Port-based protection gets pwned
A neat and clever hack has undermined long held assumptions about the network security protections offered by properly configured routers and firewalls.
The technique, dubbed ‘NAT Slipstreaming’, allows an attacker to remotely access any TCP/UDP service bound to a victim machine, bypassing a victim’s network address translation (NAT) or firewall security controls in the process – providing a victim is first tricked into visiting a site under the would-be hacker’s control.
Network address translation remaps an IP address space for traffic passing through a networking device. The technique proved very useful in conserving address space and thereby forestalling IPv4 address exhaustion, but it also has some security benefits that NAT Slipstreaming runs all over.
Caught in the Slipstream
The NAT Slipstream attack – a new packet injection technique that works across all major modern browsers – takes advantage of arbitrary control of the data portion of some TCP and UDP packets without reference to HTTP or other headers, Kamkar explains in a detailed technical blog post:
NAT Slipstreaming exploits the user's browser in conjunction with the Application Level Gateway (ALG) connection tracking mechanism built into NATs, routers, and firewalls by chaining internal IP extraction via timing attack or WebRTC, automated remote MTU and IP fragmentation discovery, TCP packet size massaging, TURN authentication misuse, precise packet boundary control, and protocol confusion through browser abuse.

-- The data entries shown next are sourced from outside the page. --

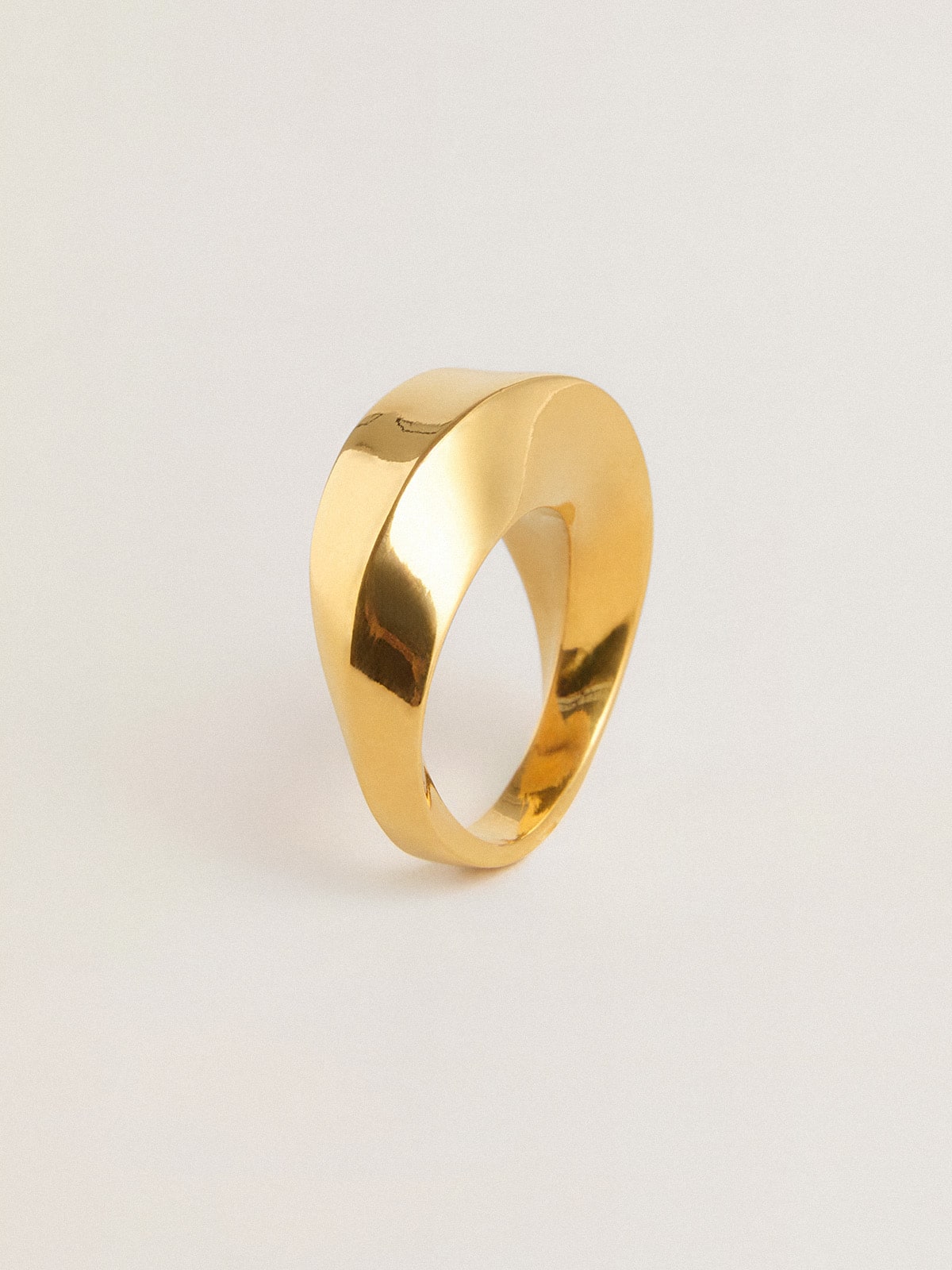 Gold ring
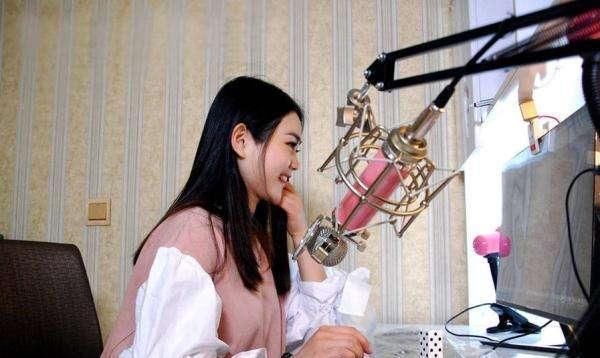 行业|又一行业迎来爆发！连明星、企业家都抢着入行，平均月薪达9423元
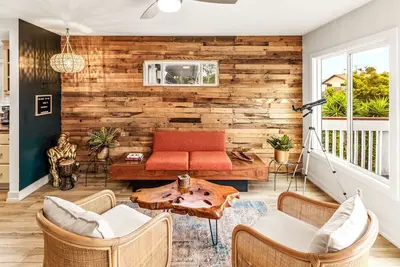 Image de Mile to Beach! Pool Table & Hot tub! Pet Friendly!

As it’s the NAT or firewall that opens the destination port, this bypasses any browser-based port restrictions.
Put more simply, NAT Slipstreaming exploits a flaw in how some routers implement ALG that allows NAT to be bypassed.
Kamkar told The Daily Swig that fixing the security shortcomings laid bare by his research may be a challenge.
“Routers can disable ALG but this makes them less convenient (VoIP phones stop working). The SIP ALG can be improved, but SIP was just one example, [and] other ALGs expose this,” Kamkar said during an exchange on Twitter.
“Browsers can block port 5060, but I don't think that's the end of it. This area is a bit of whack-a-mole,” he added.
Even the “vulnerabilities” at play are tricky to define and perhaps better described as “security shortcomings”.
Kamkar explained: “Everything is working to spec; it's simply the combination of various protocols and features that can have complex interactions when chained together.”